Deliziosa "canzoncina" pubblicitaria molto azzeccata.

Si fa, anche nella profonda Milano.


----------



## Fairy Krystal

Io confermo per il basso-Piemonte, si usa, soprattutto per le auto...un po' meno per case e gioielli, comunque è attestato anche qui.


----------



## francisgranada

"Subdomanda":

Il verbo fare in questi casi sostituisce appunto _comprare_, oppure ha un significato più ampio, qualcosa nel senso di "far acquisto di", "acquistare", "buscare", "trovare" ecc ...?

P.S. Solo per curiosità, cosa significa "suv" (nella frase "si è fatto il suv ...") ?


----------



## Nunou

Ciao Francis,
il SUV in senso generale è un veicolo rialzato e fuoristrada (4 ruote motrici), in realtà non tutti i veicoli chiamati SUV che vediamo in giro hanno la trazione integrale, diciamo che però sono sempre più alti, più grandi delle automobili normali, con cilindrate non proprio piccolissime e prezzi di una certa importanza.
Chi si è fatto il SUV, ha comperato una di queste auto.
Se cerchi su Google sicuramente troverai spiegazioni più esaurienti delle mie.


----------



## francisgranada

Ciao Nunou e grazie, ora capisco (mi piace la versione "galloitalica" con _ü _).


----------



## marco.cur

Credo si usi un po' in tutt'Italia.
Farsi  non è usato esclusivamente nel senso di comprare, ma nel senso più in generale di avere qualcosa per se, prendere.


----------



## violadaprile

> va lü - el s'è fà 'l süv - va lü
> cunt i dané del sò papa - 'l s'è fà 'l süv
> va lü ......


(guarda lui, si è fatto il SUV, guarda lui/ con i soldi del suo papà, si è fatto il SUV / guarda lui...
Questa è la versione secondo la pronuncia, si scrive diversamente.
"Farsi" nel senso di comprare, ma anche di riuscire a comprare, di arrivare ad avere i mezzi per comprare, è piuttosto tipico di una piccola borghesia milanese del dopoguerra e degli anni del boom economico.
Si diceva: "t'è vist la sciura Culumb?

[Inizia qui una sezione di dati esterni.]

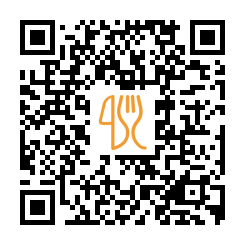 Link con codice QR al menù di Cosmo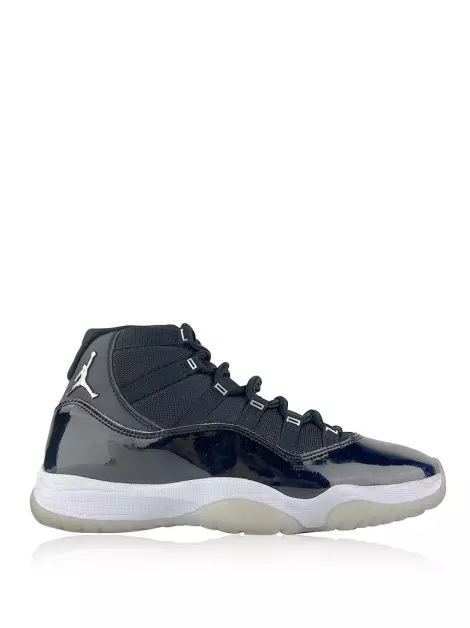 Sneaker Nike Air Jordan 11 Retro Jubilee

La s'è fà el visun... adèss cunt la pèlicètta la salütarà pü nisün" - (hai visto la signora Colombo? Si è fatta il visone, adesso con la pelliccetta non saluterà più nessuno)
Si possono vedere in versioni italianizzate in film degli anni '50/60 soprattutto con Franca Valeri, splendida interprete di personaggi del genere.


PS per Francis = in milanese la o atona si pronuncia u e la u si pronuncia ü, alla francese
Gli accenti non si scrivono ma si raddoppia la vocale


----------



## francisgranada

La mia impressione sull'uso di _farsi _nel senso "più ampio" è dovuta alle mie esperienze a Bologna, che inderattamente conferma quello che dite voi, cioè che non si tratta d'un uso specificamente meriodionale. 

P.S. per Viola: se mi ricordo bene, allora anche nel piemontese esiste questa pronuncia, p.e. _Türin_.


----------



## violadaprile

Sì Francis 
Però nel piemontese non so se sia una regola.
PS correggo il post sopra con la pronuncia esatta


----------



## Nunou

Per completare il quadro di Viola, direi che la sciüreta  la s'ee faa el visoon, el süv... la barca a Portofino e forse anche un bel gigolò...
Speriamo solo che non si faccia anche un albero mentre guida distrattamente e soprattuto che non arrivi mai a farsi di strane sostanze...ops...scusate l'OT! 
Ma quanto è indaffarato questo modo di dire...

Francis, credo che ormai si usi in tutta Italia e anche oltre confine!


----------



## giginho

francisgranada said:


> La mia impressione sull'uso di _farsi _nel senso "più ampio" è dovuta alle mie esperienze a Bologna, che inderattamente conferma quello che dite voi, cioè che non si tratta d'un uso specificamente meriodionale.
> 
> P.S. per Viola: se mi ricordo bene, allora anche nel piemontese esiste questa pronuncia, p.e. _Türin_.



Ehi ehi ehi! Giù le zampe dal Piemonteis!

Allora: dalle mie parti ogni tanto si sente dire "si è fatto la macchina nuova" e puntualmente chi lo dice è uno "straniero" e viene preso in giro, perchè a Torino si usa il termine "farsi qualcuno" per indicare un incontro sessuale: tizio si fa caia. Se tizio si fa una nuova auto, ci si incuriosisce per la dinamica della copula!!

Per quanto riguarda la pronuncia: ô si legge u come in uno. o si legge o come in copia, u si legge ü come la lettera tedesca.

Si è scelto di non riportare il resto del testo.